# How shall I put it?



## mirind4

Dag!

In English sometimes there are situations when I can not express myself, or I can not remember a word, and I usually say the following phrase:
"...(mhh), how shall I put it...". I usually use this instead of "how to say". Therefore I would like to know how to say " How shall I put it" in dutch. Is there any phrase in dutch which is similar to this?

Bij voorbaat dank!
mirind4


----------



## Peterdg

A couple of possibilities would be: "Hoe zal ik het zeggen?" or "Wat zal ik zeggen?".


----------



## mirind4

thank you very much!


----------



## bibibiben

If you can't readily remember a word, you can also throw in "hoe heet het":

We maakten een rondreis door Denemarken, Noorwegen, Zweden en, hoe heet het, Finland.


----------



## mirind4

Thank for the addition!


----------



## Timidinho

Or, "hoe kan ik dit (het beste) zeggen"
"hoe zeg ik dit"

"hoe zeg je dat ook alweer"
"hoe heet dat ook alweer"
"hoe noem je dat ook alweer"


----------



## YellowOnline

Slightly off-topic: "how shall I put it" in English is something I wouldn't use when not being able to remember a word. Usually that's used when you have to carefully weight your words to express your opinion. Compare:

 Could you fetch me the, _how shall I put it_, thing to put water in? [a bucket]
 Your wife is, _how shall I put it_, not really slim. [fat]
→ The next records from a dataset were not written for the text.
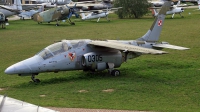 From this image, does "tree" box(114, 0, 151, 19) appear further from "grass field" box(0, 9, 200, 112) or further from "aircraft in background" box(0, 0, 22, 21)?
"grass field" box(0, 9, 200, 112)

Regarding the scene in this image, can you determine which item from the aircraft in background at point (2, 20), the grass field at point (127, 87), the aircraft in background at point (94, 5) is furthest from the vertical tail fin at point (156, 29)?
the aircraft in background at point (94, 5)

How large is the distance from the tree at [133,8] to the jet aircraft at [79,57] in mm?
39620

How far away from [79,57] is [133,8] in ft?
138

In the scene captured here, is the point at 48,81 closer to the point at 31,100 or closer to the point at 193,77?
the point at 31,100

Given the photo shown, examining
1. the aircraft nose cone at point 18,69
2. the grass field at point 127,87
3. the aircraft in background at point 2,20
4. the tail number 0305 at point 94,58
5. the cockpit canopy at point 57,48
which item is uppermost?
the cockpit canopy at point 57,48

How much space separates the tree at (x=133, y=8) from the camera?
56969 millimetres

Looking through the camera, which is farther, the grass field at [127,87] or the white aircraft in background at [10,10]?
the white aircraft in background at [10,10]

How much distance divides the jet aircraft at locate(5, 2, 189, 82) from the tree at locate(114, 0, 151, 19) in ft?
130

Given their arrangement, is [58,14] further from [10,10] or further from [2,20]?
[10,10]

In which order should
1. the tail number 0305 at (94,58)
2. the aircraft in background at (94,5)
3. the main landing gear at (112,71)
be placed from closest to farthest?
the tail number 0305 at (94,58) → the main landing gear at (112,71) → the aircraft in background at (94,5)

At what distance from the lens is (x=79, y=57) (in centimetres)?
1677

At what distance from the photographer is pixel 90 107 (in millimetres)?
12227

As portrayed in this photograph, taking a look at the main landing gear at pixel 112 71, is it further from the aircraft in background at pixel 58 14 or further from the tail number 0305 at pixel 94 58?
the aircraft in background at pixel 58 14

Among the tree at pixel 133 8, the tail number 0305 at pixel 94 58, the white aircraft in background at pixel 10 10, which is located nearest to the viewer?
the tail number 0305 at pixel 94 58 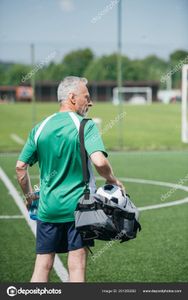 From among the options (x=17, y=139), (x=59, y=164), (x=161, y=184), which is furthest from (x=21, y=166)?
(x=17, y=139)

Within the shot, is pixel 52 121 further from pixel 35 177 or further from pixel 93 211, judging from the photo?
pixel 35 177

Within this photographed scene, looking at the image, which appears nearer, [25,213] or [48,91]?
[25,213]

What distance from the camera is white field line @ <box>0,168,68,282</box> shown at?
583 centimetres

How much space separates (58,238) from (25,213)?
4597 millimetres

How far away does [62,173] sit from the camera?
13.4 ft

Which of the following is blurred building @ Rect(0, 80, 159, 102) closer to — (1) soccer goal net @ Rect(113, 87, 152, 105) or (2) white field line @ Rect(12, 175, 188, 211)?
(1) soccer goal net @ Rect(113, 87, 152, 105)

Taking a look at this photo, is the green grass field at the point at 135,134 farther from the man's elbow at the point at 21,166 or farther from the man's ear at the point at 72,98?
the man's ear at the point at 72,98

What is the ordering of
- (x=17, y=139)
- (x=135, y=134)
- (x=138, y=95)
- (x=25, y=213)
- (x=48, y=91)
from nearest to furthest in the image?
(x=25, y=213)
(x=17, y=139)
(x=135, y=134)
(x=48, y=91)
(x=138, y=95)

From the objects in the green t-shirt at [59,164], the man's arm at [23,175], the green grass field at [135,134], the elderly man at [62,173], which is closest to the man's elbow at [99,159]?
the elderly man at [62,173]

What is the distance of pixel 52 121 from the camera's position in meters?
4.10

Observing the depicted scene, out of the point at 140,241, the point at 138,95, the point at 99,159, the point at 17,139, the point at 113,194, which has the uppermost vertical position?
the point at 99,159

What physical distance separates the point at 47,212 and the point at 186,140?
662 inches

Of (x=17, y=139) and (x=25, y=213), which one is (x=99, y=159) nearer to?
(x=25, y=213)

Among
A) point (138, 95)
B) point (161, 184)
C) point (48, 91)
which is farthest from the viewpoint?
point (138, 95) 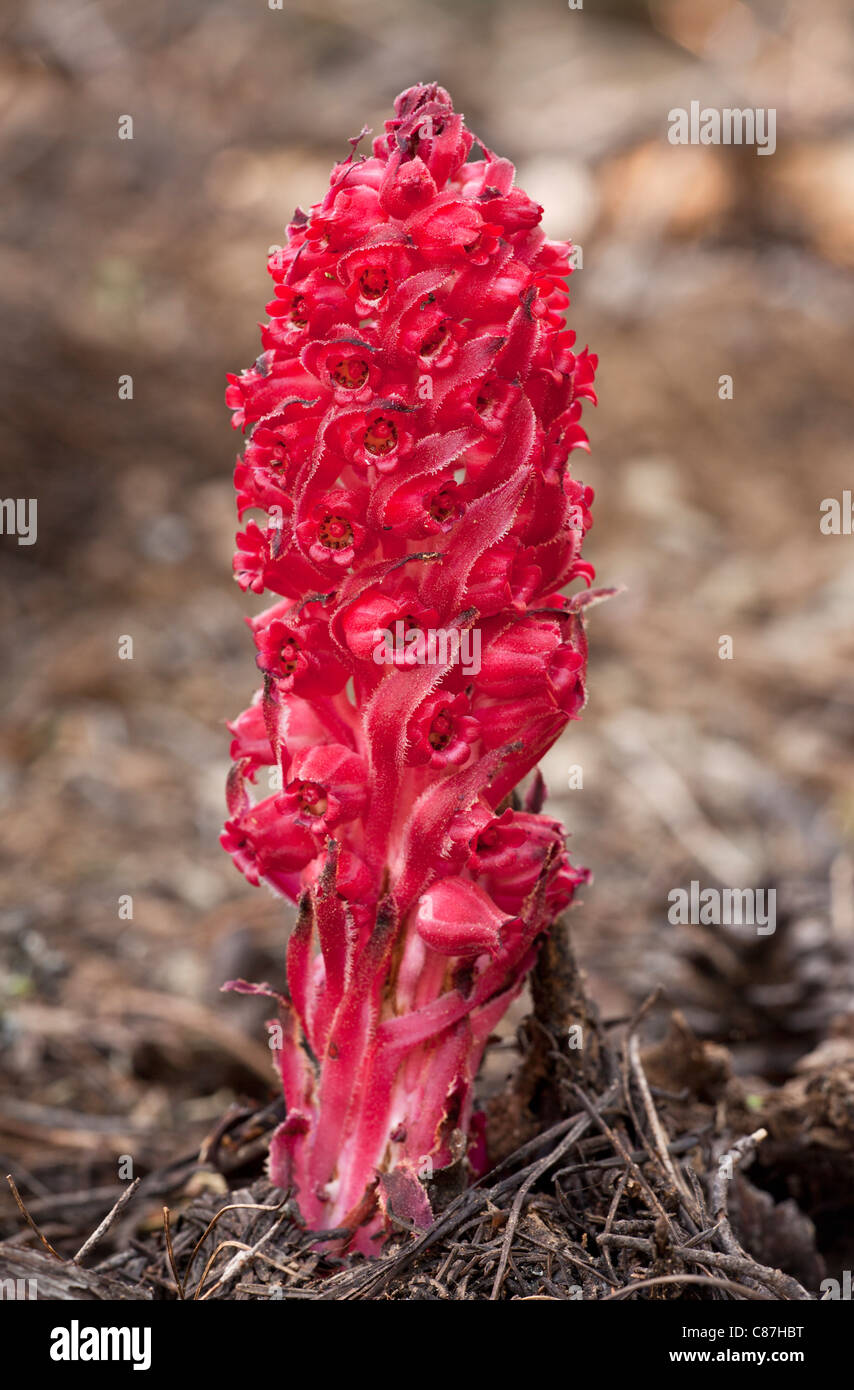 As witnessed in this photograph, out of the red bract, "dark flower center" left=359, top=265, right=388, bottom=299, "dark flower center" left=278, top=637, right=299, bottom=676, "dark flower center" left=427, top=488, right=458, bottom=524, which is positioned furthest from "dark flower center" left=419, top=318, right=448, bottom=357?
"dark flower center" left=278, top=637, right=299, bottom=676

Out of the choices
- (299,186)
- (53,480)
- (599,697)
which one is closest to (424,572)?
(599,697)

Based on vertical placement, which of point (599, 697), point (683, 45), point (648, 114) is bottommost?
point (599, 697)

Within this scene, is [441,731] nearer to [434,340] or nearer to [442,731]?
[442,731]

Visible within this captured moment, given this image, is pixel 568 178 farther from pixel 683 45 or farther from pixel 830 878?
pixel 830 878

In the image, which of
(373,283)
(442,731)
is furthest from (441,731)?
Result: (373,283)

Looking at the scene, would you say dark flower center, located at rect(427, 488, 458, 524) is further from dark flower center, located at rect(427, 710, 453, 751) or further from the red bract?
dark flower center, located at rect(427, 710, 453, 751) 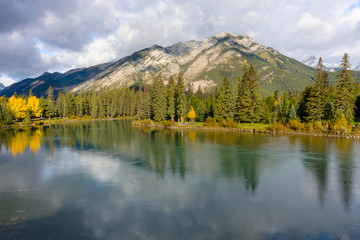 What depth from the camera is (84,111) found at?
148250mm

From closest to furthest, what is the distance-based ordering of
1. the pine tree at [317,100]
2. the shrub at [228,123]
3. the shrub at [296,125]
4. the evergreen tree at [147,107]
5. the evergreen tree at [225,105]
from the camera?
the shrub at [296,125], the pine tree at [317,100], the shrub at [228,123], the evergreen tree at [225,105], the evergreen tree at [147,107]

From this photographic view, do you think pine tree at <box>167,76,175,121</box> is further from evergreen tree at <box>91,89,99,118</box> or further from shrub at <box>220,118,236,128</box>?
evergreen tree at <box>91,89,99,118</box>

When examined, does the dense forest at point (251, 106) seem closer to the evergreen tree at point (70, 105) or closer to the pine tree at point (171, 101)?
the pine tree at point (171, 101)

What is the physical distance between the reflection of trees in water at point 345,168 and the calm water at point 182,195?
0.40 ft

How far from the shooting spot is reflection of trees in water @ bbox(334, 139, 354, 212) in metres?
22.2

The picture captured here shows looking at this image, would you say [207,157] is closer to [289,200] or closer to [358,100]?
[289,200]

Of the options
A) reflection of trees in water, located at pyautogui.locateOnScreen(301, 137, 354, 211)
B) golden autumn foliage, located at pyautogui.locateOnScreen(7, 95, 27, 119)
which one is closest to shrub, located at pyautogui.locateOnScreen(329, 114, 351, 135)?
reflection of trees in water, located at pyautogui.locateOnScreen(301, 137, 354, 211)

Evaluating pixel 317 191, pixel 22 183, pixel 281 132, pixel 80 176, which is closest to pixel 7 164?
pixel 22 183

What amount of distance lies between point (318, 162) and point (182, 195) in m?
22.6

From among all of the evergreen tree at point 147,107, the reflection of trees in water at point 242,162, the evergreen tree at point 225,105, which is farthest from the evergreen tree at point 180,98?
the reflection of trees in water at point 242,162

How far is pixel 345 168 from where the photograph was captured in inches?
1202

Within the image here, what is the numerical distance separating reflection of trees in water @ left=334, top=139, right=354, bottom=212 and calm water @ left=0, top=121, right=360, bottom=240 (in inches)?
4.7

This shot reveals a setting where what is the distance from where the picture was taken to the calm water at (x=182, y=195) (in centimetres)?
1636

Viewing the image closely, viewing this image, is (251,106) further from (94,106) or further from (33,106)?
(33,106)
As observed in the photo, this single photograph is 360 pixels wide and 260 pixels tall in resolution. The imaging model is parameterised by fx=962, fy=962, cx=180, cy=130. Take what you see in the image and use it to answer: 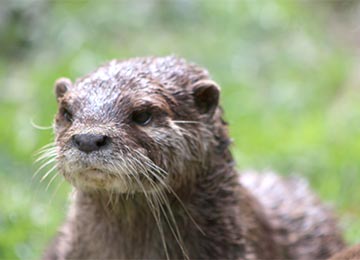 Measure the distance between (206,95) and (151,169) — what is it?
58cm

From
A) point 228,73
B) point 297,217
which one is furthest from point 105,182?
point 228,73

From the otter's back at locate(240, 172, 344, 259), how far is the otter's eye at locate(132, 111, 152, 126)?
4.96 feet

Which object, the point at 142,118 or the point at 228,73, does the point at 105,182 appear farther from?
the point at 228,73

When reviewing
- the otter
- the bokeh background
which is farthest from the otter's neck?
the bokeh background

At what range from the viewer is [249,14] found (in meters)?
10.6

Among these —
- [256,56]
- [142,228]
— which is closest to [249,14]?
[256,56]

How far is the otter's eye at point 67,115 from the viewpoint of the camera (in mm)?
4750

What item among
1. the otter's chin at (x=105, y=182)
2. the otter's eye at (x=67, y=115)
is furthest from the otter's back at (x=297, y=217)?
the otter's eye at (x=67, y=115)

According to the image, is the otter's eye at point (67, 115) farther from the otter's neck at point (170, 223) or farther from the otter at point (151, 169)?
the otter's neck at point (170, 223)

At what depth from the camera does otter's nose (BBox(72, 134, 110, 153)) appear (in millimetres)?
4363

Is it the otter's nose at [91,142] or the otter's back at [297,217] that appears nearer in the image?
the otter's nose at [91,142]

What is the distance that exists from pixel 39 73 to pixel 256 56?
2386mm

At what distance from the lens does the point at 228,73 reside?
9383 millimetres

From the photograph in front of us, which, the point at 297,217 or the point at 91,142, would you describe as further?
the point at 297,217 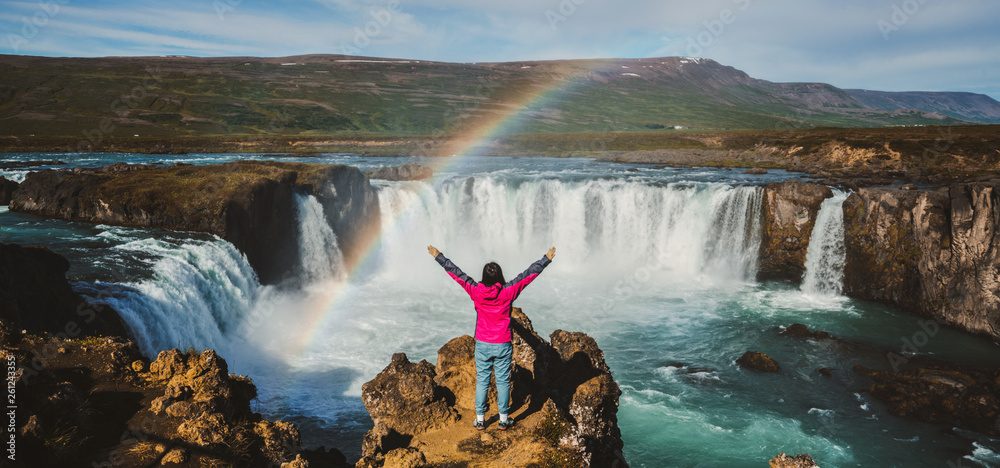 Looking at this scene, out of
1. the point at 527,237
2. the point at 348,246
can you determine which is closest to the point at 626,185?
the point at 527,237

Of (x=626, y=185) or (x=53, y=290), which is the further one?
(x=626, y=185)

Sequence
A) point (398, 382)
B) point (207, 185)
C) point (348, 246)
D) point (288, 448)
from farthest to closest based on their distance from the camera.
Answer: point (348, 246) < point (207, 185) < point (398, 382) < point (288, 448)

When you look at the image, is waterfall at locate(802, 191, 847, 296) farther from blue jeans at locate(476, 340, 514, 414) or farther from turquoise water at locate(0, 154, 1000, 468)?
blue jeans at locate(476, 340, 514, 414)

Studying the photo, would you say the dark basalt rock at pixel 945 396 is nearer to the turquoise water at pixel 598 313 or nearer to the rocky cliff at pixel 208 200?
the turquoise water at pixel 598 313

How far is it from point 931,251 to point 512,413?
29.8 metres

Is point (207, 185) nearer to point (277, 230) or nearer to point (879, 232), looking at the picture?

You should double-check with a native speaker though.


----------



## mirind4

@YellowOnline

You are absolutely right, I misunderstood this phrase, I asked a native speaker friend of mine. In my situations only used the following:
"How do I say", "How do you say" or a fancy way: "How does one say?" Despite my misunderstanding, the answers of you all is good for the situation where I wanted to use.

Thanks for everyone!


----------